The overall feel of Ghosts of Mars is reminiscent of Carpenter's Escape from L.A. -- it's full of action scenes and eccentric characters, but it's rarely interesting. The movie isn't unwatchable, and Carpenter deserves kudos for the way in which he shoots the action scenes and his decision to have some heavy metal heroes create the soundtrack. The problem is that, visual style aside (no one shoots night-time like Carpenter), this doesn't feel like a Carpenter film. Instead, it feels like any run-of-the-mill sci-fi/actioner which one would catch on late-night cable. (Carpenter has chosen to use an editing style involving multiple dissolves which is just annoying.) Ghosts of Mars won't haunt you. In fact, you may not remember it the next day.

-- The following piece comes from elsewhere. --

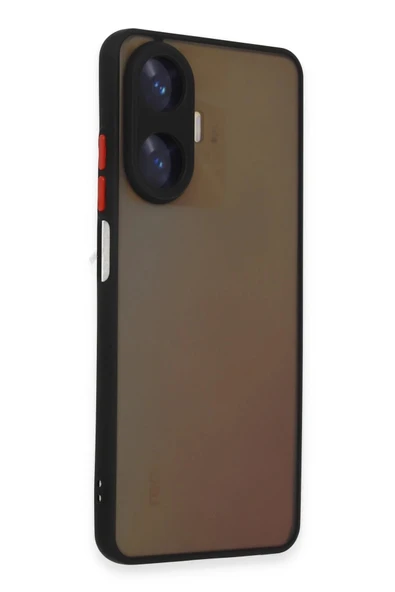 Realme C55 Kılıf Montreal Silikon Kapak - Siyah - Resim 3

Ghosts of Mars reminds me of a song by the band Hum on Blu-ray Disc courtesy of Sony Pictures Home Entertainment. The film has been letterboxed at 2.35:1 and the Disc contains an AVC 1080p HD transfer which runs at an average of 30 Mbps. The image is very sharp and clear, showing only the slightest hint of grain and no defects from the source material. The image's clarity has lent it an impressive amount of depth, which is only aided by Carpenter's shooting style. This element alone puts this transfer up and over the quality of the DVD. The colors are good, and although the film takes place entirely at night, the image is never too dark. The Disc offer a Dolby TrueHD 5.1 audio track which runs at 48 kHz and an average of 2.0 Mbps. The track provides clear dialogue and sound effects. This track really brings a lot to the film, as it has a very muscular sound. The stereo effects are quite good and are very effective when the team is investigating the town. Likewise, the surround effects really come into play during the mob scenes. Subwoofer is solid and drives home the explosions. The rocking soundtrack receives excellent reproduction here.

The Ghosts of Mars Blu-ray Disc contains a few extras. WE begin with an AUDIO COMMENTARY from Director John Carpenter and Natasha Henstridge.  "Video Diary: Red Desert Nights" (17 minutes) is, as stated in the title, as on-set account of the film's production, documented on video. This is one of those "fly on the wall" documentaries, as there's no narrative here, simply a series of shots showing how different scenes were done. There are some comments from cast and crew, but no official interviews. "Specail Effects (SFX) Deconstruction" (7 minutes) shows how SFX shots go from storyboards to the finished shot. "Scoring Ghosts of Mars" (6 minutes) shows Carpenter, Steve Vai, Buckethead, and members of Anthrax laying down tracks for the film.